Center for Cancer and Stem Cell Biology, Institute of Biosciences and Technology, Texas A&M Health Science Center, Houston, Texas 77030-3303

Address all correspondence and requests for reprints to: F. Wang, Center for Cancer and Stem Cell Biology, Institute of Biosciences and Technology, Texas A&M Health Science Center, 2121 West Holcombe Boulevard, Houston, Texas 77030-3303. E-mail: fwang{at}ibt.tamhsc.edu.

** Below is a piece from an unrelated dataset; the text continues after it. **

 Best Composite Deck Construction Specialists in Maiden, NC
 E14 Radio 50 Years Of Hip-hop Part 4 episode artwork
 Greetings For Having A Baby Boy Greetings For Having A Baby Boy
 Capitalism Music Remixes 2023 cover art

Binding of the fibroblast growth factor (FGF) to the FGF receptor (FGFR) tyrosine kinase leads to receptor tyrosine autophosphorylation as well as phosphorylation of multiple downstream signaling molecules that are recruited to the receptor either by direct binding or through adaptor proteins. The FGFR substrate 2 (FRS2) family consists of two members, FRS2 and FRS2β, and has been shown to recruit multiple signaling molecules, including Grb2 and Shp2, to FGFR1. To better understand how FRS2 interacted with FGFR1, in vivo binding assays with coexpressed FGFR1 and FRS2 recombinant proteins in mammalian cells were carried out. The results showed that the interaction of full-length FRS2, but not FRS2β, with FGFR1 was enhanced by activation of the receptor kinase. The truncated FRS2 mutant that was comprised only of the phosphotyrosine-binding domain (PTB) bound FGFR1 constitutively, suggesting that the C-terminal sequence downstream the PTB domain inhibited the PTB-FGFR1 binding. Inactivation of the FGFR1 kinase and substitutions of tyrosine phosphorylation sites of FGFR1, but not FRS2, reduced binding of FGFR1 with FRS2. The results suggest that although the tyrosine autophosphorylation sites of FGFR1 did not constitute the binding sites for FRS2, phosphorylation of these residues was essential for optimal interaction with FRS2. In addition, it was demonstrated that the Grb2-binding sites of FRS2 are essential for mediating signals of FGFR1 to activate the FiRE enhancer of the mouse syndecan 1 gene. The results, for the first time, demonstrate the specific signals mediated by the Grb2-binding sites and further our understanding of FGF signal transmission at the adaptor level.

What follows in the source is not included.